My son Cameron came home last night for a visit from college. Catching up with him reminded me of our trip about a month back for spring break. The two of us and my wife Madeline headed to Utah and hit the slopes. In these last years of our kids growing up and leaving the nest, we’ve come to treat spring break as a sacrosanct opportunity to do something memorable with them. Last year Cam and I spent the week at Jackson Hole.
And despite this intent of family togetherness and joyful memories, the little guy who I first put on a pair of sticks when he a wee bitty five year old is no longer so little or eager to follow me down the hill.
His abilities surpassed mine several years back even though I too was a childhood skier and snow sport enthusiast. There’s nothing that quite matches the fearlessness and physical intelligence of youth coming of age.
Now I’m the one trying to keep up.
We did at least some things right in that he is glad to have me follow him. The only question of course is where he is leading. Too often it’s to, through and over terrain that ties knots in my stomach or delivers body shots to my bones.
Last year he talked me into a ride into the back country just beyond the edge of the boundary. It started out fine. Beautiful valley vistas and lots of untracked powder. But soon Cam disappeared through the trees and I was left to more of a solo excursion through the wilderness. Sure enough my path down the hill led me to a juncture where I faced what look like cliffs below with no other way out. If my phone battery hadn’t already given out in the cold, I would have called the life flight helicopter ideally to pluck me off the hill there but at least to be ready if I attempted the reach to the bottom.
In reality the only way out was down, or forward as you might say. What followed was a three-hour wrestling match with the mountain and with myself. The decent was a combination of a few pacts with God; conquering the fear induced by terrain I could see; unstrapping out of my bindings and crawling sled-like out of some tight spots; and just plain refusing to go over any ledge from which I couldn’t see the bottom – there was some lateral traversing to this adventure.
Eventually I made my way down and back to the lodge alive and bruised but not broken. Cam was there more than a little annoyed by primetime skiing lost to waiting and the inability to contact me via the standard modern technology. Note to self: keep those phone batteries fully charged when entering the wilderness of your next adventure.
As mixed as my emotions and self-assessments are about that experience on the slopes, I find that at 50-something the work life offers many parallels. Collectively I’m surrounded by people – 20-somethings, digi-geeks, social queens and… clients – all with a thirst for new terrain. Safely carving out a few rides on the moderate and familiar routes just doesn’t cut it anymore. Although the après-activity bevey doesn’t seem to have gone out of style yet.
It’s not just digital thing either. The level of authenticity required has never been higher. Even for the cause-oriented brands that we often serve the politically gruff and simultaneously sensitive environment we now live in creates a steep and bumpy slope on which to engage our audiences.

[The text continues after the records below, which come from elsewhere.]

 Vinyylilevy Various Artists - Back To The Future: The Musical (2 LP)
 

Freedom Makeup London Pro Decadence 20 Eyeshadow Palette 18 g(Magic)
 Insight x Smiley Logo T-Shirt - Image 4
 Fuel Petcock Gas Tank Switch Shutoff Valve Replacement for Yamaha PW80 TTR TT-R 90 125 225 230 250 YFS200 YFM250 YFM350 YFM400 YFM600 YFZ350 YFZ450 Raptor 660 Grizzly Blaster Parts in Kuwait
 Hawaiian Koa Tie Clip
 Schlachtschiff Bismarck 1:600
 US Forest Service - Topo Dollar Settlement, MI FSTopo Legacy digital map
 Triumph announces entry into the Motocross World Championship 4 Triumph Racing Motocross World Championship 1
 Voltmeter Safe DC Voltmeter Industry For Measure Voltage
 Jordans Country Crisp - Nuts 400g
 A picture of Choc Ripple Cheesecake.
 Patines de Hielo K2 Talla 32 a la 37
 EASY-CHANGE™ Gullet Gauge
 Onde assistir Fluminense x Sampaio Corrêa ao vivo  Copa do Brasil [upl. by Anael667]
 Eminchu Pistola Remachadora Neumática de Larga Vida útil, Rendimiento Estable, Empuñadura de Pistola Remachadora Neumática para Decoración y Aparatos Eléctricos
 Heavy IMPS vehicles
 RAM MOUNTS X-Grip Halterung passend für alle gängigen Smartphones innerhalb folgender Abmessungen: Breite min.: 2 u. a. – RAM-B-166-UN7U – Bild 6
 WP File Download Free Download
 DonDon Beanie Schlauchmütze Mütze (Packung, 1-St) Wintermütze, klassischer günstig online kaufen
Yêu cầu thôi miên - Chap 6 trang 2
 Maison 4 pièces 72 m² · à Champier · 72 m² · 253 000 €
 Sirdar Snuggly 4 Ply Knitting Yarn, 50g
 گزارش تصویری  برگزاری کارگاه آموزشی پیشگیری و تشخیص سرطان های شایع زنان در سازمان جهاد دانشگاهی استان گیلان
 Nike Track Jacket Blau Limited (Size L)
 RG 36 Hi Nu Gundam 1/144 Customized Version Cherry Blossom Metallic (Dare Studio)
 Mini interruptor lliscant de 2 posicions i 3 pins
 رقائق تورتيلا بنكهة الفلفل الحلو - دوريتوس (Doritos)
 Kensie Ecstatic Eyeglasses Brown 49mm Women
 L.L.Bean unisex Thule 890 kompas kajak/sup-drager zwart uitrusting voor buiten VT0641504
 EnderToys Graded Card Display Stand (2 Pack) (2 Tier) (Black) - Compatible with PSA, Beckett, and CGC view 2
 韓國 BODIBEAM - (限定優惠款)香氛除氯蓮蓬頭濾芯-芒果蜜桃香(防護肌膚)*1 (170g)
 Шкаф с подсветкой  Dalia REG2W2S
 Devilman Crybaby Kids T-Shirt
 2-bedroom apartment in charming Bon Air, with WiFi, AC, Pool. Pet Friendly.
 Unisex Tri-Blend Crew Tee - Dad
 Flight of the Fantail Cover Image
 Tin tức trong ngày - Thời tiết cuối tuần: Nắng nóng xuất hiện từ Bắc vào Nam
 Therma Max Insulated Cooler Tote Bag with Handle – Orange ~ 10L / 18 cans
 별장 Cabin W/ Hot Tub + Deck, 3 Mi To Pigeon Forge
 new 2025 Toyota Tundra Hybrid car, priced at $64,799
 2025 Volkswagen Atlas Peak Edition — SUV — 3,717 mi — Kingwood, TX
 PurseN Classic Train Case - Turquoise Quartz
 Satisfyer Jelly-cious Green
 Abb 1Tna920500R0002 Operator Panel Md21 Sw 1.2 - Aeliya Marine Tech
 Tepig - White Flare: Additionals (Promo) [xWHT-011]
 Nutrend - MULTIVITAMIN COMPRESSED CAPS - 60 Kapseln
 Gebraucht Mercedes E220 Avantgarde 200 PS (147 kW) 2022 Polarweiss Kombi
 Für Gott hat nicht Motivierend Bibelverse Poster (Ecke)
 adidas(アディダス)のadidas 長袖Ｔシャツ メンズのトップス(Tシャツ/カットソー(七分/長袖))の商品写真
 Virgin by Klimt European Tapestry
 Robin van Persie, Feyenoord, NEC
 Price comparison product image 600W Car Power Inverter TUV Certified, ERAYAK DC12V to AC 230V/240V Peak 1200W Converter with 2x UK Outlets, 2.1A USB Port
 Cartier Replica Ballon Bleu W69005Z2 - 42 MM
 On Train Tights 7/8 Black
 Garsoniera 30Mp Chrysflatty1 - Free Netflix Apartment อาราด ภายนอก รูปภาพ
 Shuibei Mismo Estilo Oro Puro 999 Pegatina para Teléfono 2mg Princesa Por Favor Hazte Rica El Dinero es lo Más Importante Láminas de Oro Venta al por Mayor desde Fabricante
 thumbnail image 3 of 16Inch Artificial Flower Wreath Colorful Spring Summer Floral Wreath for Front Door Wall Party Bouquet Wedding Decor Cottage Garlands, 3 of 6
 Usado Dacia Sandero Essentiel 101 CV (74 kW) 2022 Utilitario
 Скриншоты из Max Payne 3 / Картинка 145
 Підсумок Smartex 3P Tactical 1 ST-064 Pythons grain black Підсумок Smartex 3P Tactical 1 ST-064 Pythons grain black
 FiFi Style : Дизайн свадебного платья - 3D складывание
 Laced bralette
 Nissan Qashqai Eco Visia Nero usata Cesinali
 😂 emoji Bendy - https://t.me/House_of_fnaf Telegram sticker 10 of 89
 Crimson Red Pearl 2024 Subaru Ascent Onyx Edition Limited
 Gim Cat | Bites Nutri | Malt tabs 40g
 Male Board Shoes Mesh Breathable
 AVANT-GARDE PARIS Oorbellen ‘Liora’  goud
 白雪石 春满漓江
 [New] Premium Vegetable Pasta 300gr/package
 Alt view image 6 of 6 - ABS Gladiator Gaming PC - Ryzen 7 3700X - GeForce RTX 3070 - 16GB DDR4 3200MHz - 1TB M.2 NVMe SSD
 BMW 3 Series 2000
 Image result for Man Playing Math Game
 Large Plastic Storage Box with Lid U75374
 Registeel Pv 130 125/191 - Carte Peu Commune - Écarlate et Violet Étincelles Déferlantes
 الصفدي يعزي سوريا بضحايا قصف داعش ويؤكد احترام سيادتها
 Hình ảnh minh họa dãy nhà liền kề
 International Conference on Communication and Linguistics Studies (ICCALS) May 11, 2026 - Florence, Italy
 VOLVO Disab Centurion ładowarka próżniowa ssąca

I feel that same fear-induced knot in my stomach as I look out at what lies ahead. Sometimes I lead and sometimes I follow, but either way the important thing is that we conquer the fear and go. The new terrain is the better terrain. There may be some bumps and bruises along the way, but there’s also thrills, plenty of fresh tracks and views I’ve never seen before and would be sorry to miss, just for the comfort of the familiar.
The only way out is down, or forward as you might say.